The Allen Institute for Neural Dynamics (AIND) is committed to FAIR, Open, and Reproducible science. We therefore share all of the data we collect publicly with rich metadata as near to the time of collection as possible. We share data at all stages of the data lifecycle, including preliminary data collected during methods development, processed data that we are actively improving, or highly curated data used in a publication.

aind-open-data

In addition to sharing curated datasets with modality-specific NIH data archives like DANDI and BIL, we are also excited to share all of our data in one public S3 bucket generously hosted by the Registry of Open Data on AWS.

All data is stored here: s3://aind-open-data

Bucket Organization

AIND’s mission to share data early with full reproducibility has significant implications on how data and metadata should be organized and represented. Organizational principles include:

  • Immutability: once data is collected it should not be touched to ensure reproducibility.
  • Metadata Accessibility: metadata must be trivial to find and read for humans and machines.
  • Cloud Compatibility: data should be stored in cloud-friendly formats.

Based on these principles, s3://aind-open-data is organized as a flat list of data assets, where a data asset is simply a logical collection of files. Derived data assets are separate from their source assets, meaning they are not stored in the same path or directory.

Inspired by BIDS and the HCA metadata schema, metadata describing a data asset is stored as sidecar JSON files that live adjacent to the data they describe. These JSON files conform to the schemas defined in aind-data-schema.

As soon as possible, data in this bucket are stored in cloud-friendly formats, including NWB-Zarr for physiology and OME-Zarr for imaging. We aspire to produce data in these formats at the time of acquisition.

Naming Conventions

Raw data assets are named:

<modality>_<subject-id>_<acquisition-date>_<acquisition-time>

Derived data assets are named:

<source-data-asset-name>_<label>_<acquisition-date>_<acquisition-time>

A raw extracellular ephys asset would look like this:

    ecephys_123456_2022-12-12_05-06-07/
        ecephys/
            <ephys data>
        behavior/
            <video data>
        data_description.json
        subject.json
        procedures.json
        processing.json
        rig.json
        acquisition.json

A spike-sorting result asset would look like this:

    ecephys_123456_2022-12-12_05-06-07_sorted-ks25_2022-12-12_06-07-08/
        sorted/
            <sorted ephys data>
        data_description.json
        subject.json
        procedures.json
        processing.json
        rig.json
        acquisition.json

Benchmark Data

aind-benchmark-data/ephys-compression

Extracellular electrophysiology data is growing at a remarkable pace. This data, collected neuropixels probes by the Allen Institute for Neural Dynamics (AIND) and the International Brain Lab (IBL) can be used to benchmark throughput rates and storage ratios of various data compression algorithms.

All data is available within the aind-benchmark-data bucket at s3://aind-benchmark-data/ephys-compression.

The bucket is organized in subfolders containing datasets from different sources.

Experimental data

The following folders include experimental data sources:

  • aind-np2: Neuropixels 2.0 data collected by AIND (8 sessions)
  • aind-np1: Neuropixels 1.0 data collected by AIND (4 sessions)
  • ibl-np1: Neuropixels 1.0 data collected by IBL (4 sessions)

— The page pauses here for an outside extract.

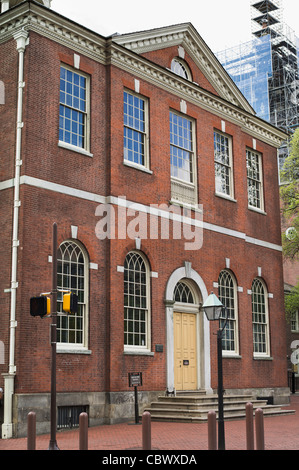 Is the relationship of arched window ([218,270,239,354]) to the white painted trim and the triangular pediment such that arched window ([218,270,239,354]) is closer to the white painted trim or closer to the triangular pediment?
the white painted trim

Each session (e.g. aind-np2/612962_2022-04-13_19-18-04_ProbeB) contains the raw traces in binary format as saved by SpikeInterface.

To load one session, you can use the spikeinterface library (see installation instructions):

import spikeinterface as si

recording = si.load_extractor("{local-path-to-aind-benchmark-data/ephys-compression}/aind-np2/612962_2022-04-13_19-18-04_ProbeB")

recording is a spikeinterface.BaseRecording object.

Simulated data

The mearec subfolder contains two simulated datasets using the MEArec simulator.

You can load a simulated session using spikeinterface (after installing MEArec):

import spikeinterface.extractors as se

recording_gt, sorting_gt = se.read_mearec("{local-path-to-aind-benchmark-data/ephys-compression}/mearec/mearec_NP1.h5")

recording_gt is also spikeinterface.BaseRecording object. sorting_gt is a spikeinterface.BaseSorting containing the ground-truth spiking data.